Please note that Hive makes use of HiveServer2, which configuration is automatically set up at deployment time.

Extending HDInsight using Dataiku

In addtion to leveraging its key Hadoop and Spark capabilities listed above, it is easy to integrate HDInsight in a larger data platform.

Getting data in and out HDInsight

Using Dataiku built-in or custom connectors, the process of getting data in HDInsight is easy. The following sample scenarios are possible:

  • getting data from legacy and/or operational SQL database (Microsoft SQL Server for instance) into HDInsight
  • getting log files stored into Azure Blob Storage (or other cloud provider systems) into HDInsight
  • getting semi-structured data from NoSQL stores into HDInsight
  • collecting data from HTTP API’s and storing the outputs in HDInsight

Once ingested in HDInsight, Dataiku will make it easy to blend all these data sources together.

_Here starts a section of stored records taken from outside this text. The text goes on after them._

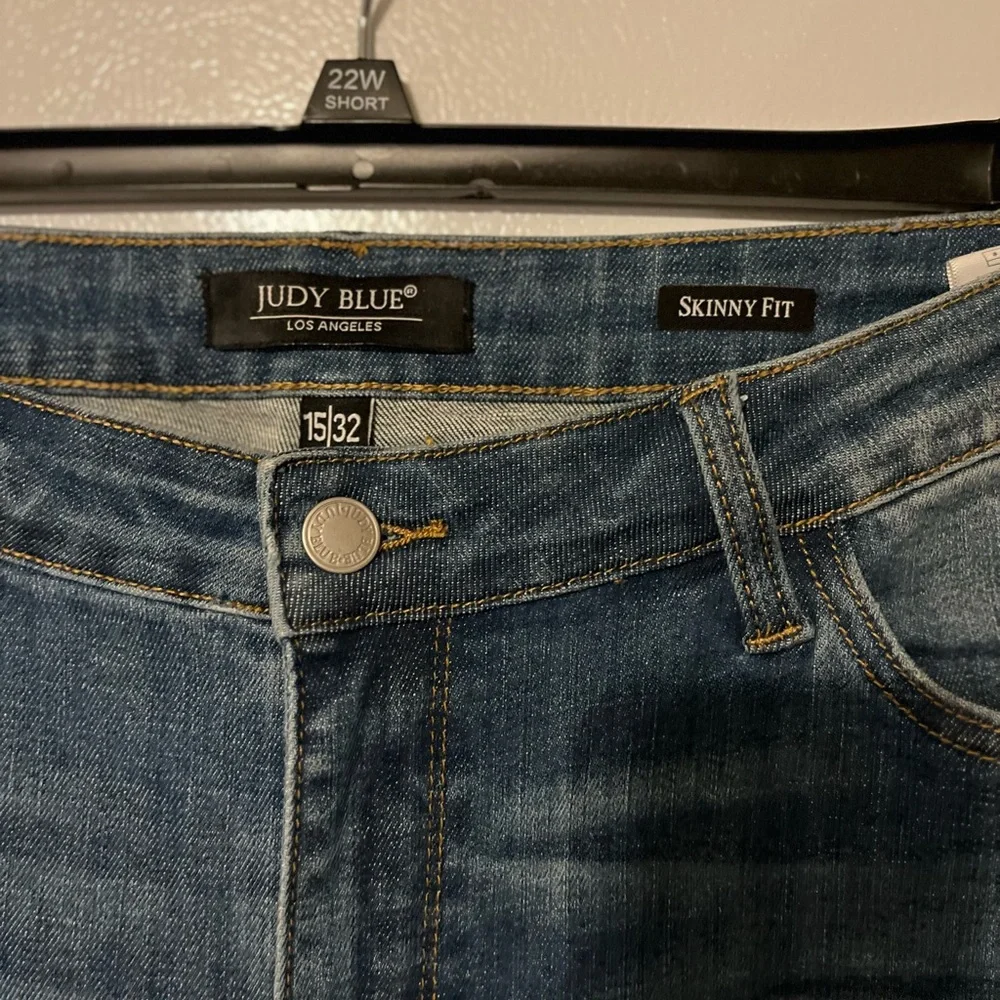 Judy Blue Women’s Plus Skinny Fit Mid Rise Med Wash Jeans Style JB8859 - 15/32‎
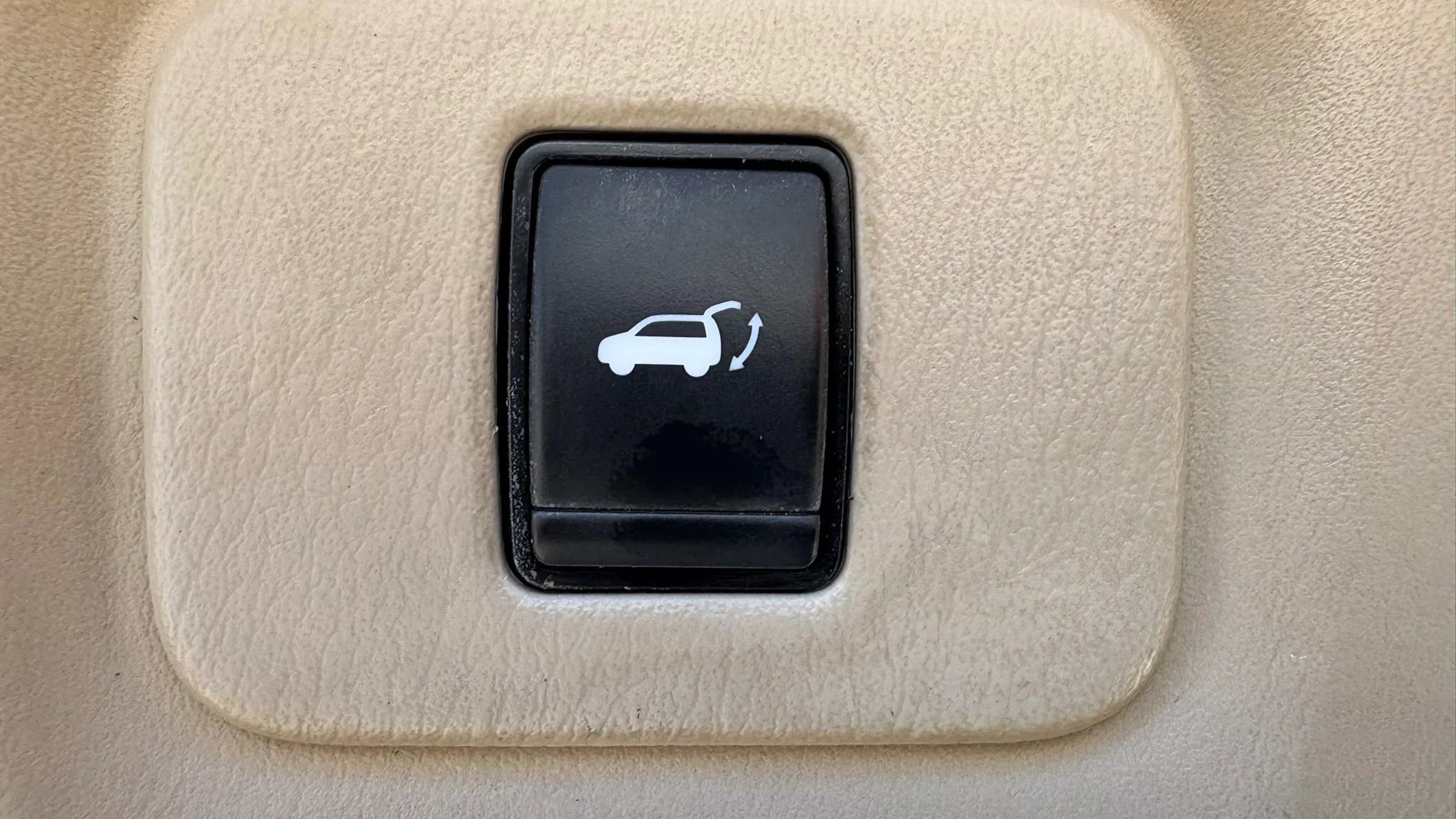 Used 2018 Nissan Pathfinder Platinum FWD image 27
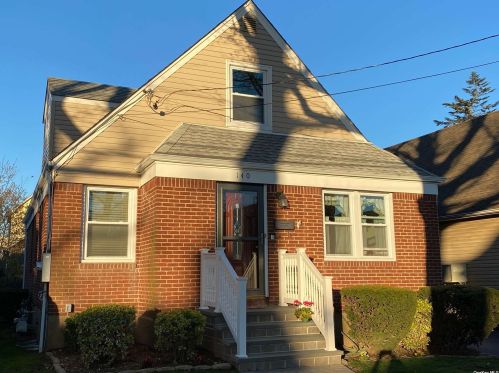 140 3rd St, New Hyde Park, NY 11040-4412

In addtion to getting data into HDInsight, it is equally easy to store the outputs of HDInsight jobs in external systems (SQL, NoSQL, files…) for further processing.

Advanced analytics using Python or R

Dataiku can also be used to perform advanced analytics, including machine learning, by leveraging R and Python running in the main memory of the HDInsight edge node (hosting Dataiku). Users can leverage these programming languages either through Coding Recipes, or Jupyter Notebooks for interactive analytics. In addtion, machine learning models can be trained and analyzed using a Python “in-memory” backend.

Dataiku then makes it easy to create complete data science pipelines blending MapReduce or Spark base jobs running on HDInsight to process large datasets, and high-end Python or R jobs to perform predictive modeling and machine learning.

Additional information

  • Microsoft HDInsights is built upon the Hortonworks Data Platform, so the Dataiku end-user experience will be very similar for these two platforms
  • The R integration offered through Dataiku is based on CRAN R, not Microsoft R
  • When using Dataiku over HDInsight, the platform administrators have the responsability to perform regular backups of the Dataiku internal data directory to prevent data loss if the cluster shuts down.
  • As of March 2017, the only supported way to connect Dataiku to HDInsight is through an edge node fully managed by HDInsight itself (i.e the procedures described above). There is no supported / official way to configure an existing “external” Azure VM as an edge node of HDInsight.